A União Nacional dos Estudantes convocou para 15 de Maio o Dia Nacional em Defesa da Educação. Nesses últimos dias, estudantes de todo o país movimentaram suas universidades, realizaram assembleias e construíram na ação prática a unidade para derrotar o governo. Esse será marcado como o momento chave da reação estudantil aos ataques de Bolsonaro.

Após três meses de conflitos internos no Ministério da Educação, Bolsonaro empossou no início de abril (08/04) o ministro Abraham Weintraub com um objetivo claro: não bastava o já constante ataque ao pensamento crítico, era necessário atrelar isso a aplicação na educação do modelo neoliberal e as medidas de austeridade do Ministro da Economia Paulo Guedes. Importante lembrar que dias antes, no final de março (29/03), o governo havia anunciado o congelamento de R$ 29 bilhões de recursos públicos para atingir a meta orçamentária. Desses, o maior corte era na educação totalizando R$ 5,8 bilhões – e precisava ser operacionalizado pelo MEC.

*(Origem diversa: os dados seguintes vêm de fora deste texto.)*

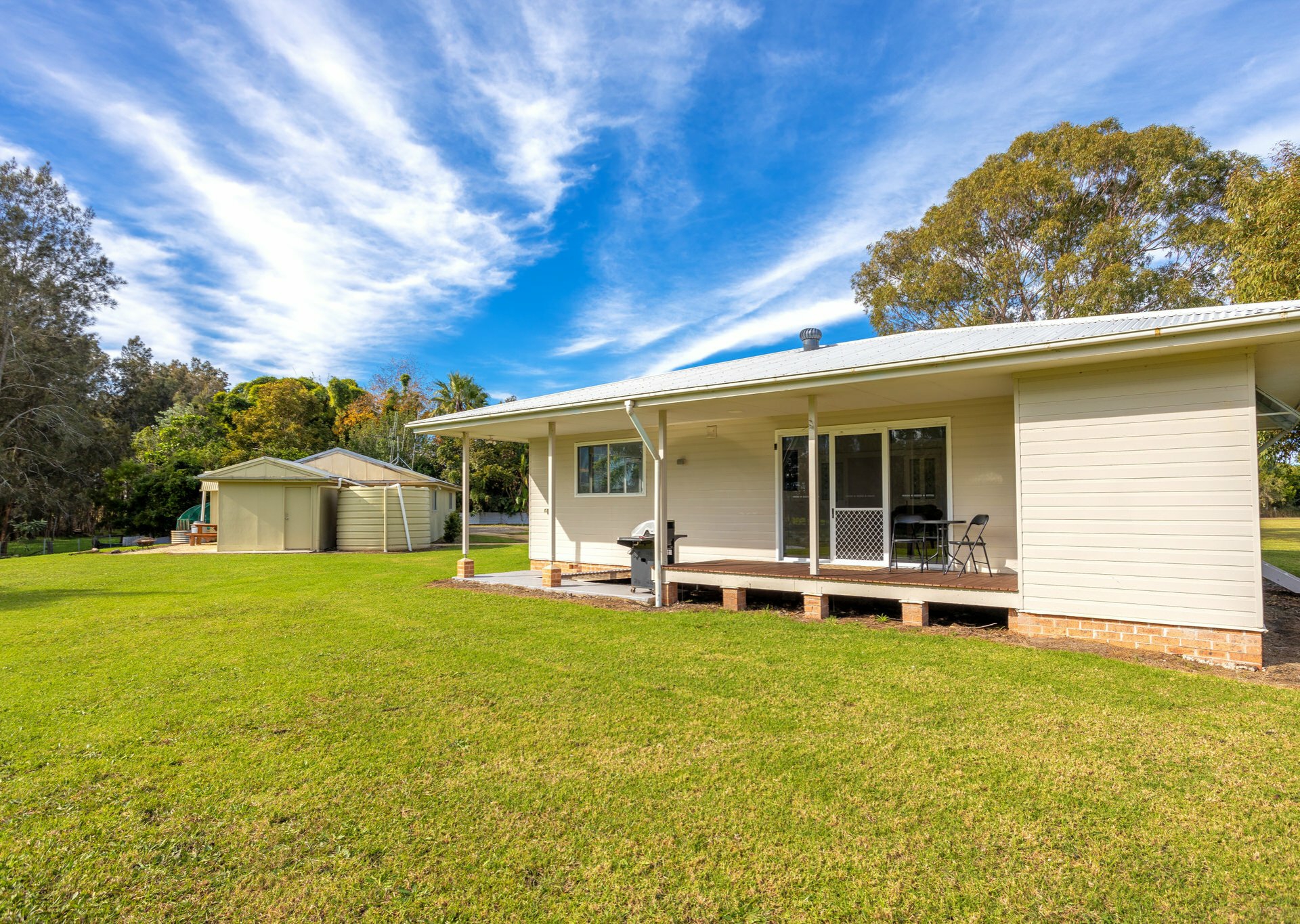 169 Cowans Lane, OXLEY ISLAND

No dia 26/04 surgem os sinais dessa política. Em sua conta do Twitter, o Presidente declara que o ministro da educação estudava retirar recursos de cursos como “Filosofia e Sociologia” para aplicar em áreas que “dessem mais retorno”. A declaração foi duramente criticada pelos movimentos educacionais e alertou os estudantes sobre o que estava por vir.

No dia 30/04, véspera de feriado, surge a primeira bomba. Weintraub anunciou um corte de 30% na UFF, UFBA, UnB e possivelmente na UFJF por motivos de “Balbúrdia”. Não a tôa, todas essas universidades haviam feito atividades e parcerias com movimentos sociais de oposição ao governo e as 4 receberam ou receberão eventos da União Nacional dos Estudantes na atual gestão. A UFF sediou o 6° Encontro de Negros/as e Cotistas da UNE, a UFBA a 11° Bienal e o 15° CONEG, a UFJF o 8° Encontro de Mulheres Estudantes e a UnB sediará o 57° Congresso da UNE. Nesse momento, começa a mobilização de apoio a essas universidades e os seus estudantes dão o primeiro passo na onda de protestos.

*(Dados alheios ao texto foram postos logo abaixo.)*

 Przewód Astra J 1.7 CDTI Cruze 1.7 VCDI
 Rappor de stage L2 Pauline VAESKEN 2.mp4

Na noite do mesmo dia, após a reação da sociedade a essa declaração e a flagrante inconstitucionalidade dos cortes por motivo ideológico, o governo tenta corrigir a situação da pior forma possível: ao invés de recuar, anuncia que os cortes agora são válidos para todas as universidades federais e gera uma onda de desespero e revolta em todos aqueles que dependem da universidade para o seu futuro. Após o feriado, dia 02/05, contrariando o discurso oficial do governo, os cortes são estendidos aos recursos de apoio a educação básica e aos colégios federais (IFs, Pedro II, etc). Por fim, são cortadas verbas para a pesquisa e as bolsas de mestrado e doutorado. Com isso, boa parte das instituições de ensino não tem recursos para continuar funcionando após o meio do ano e teriam que fechar as portas. Bolsonaro e Weintraub declararam guerra à educação e os estudantes não iam deixar barato.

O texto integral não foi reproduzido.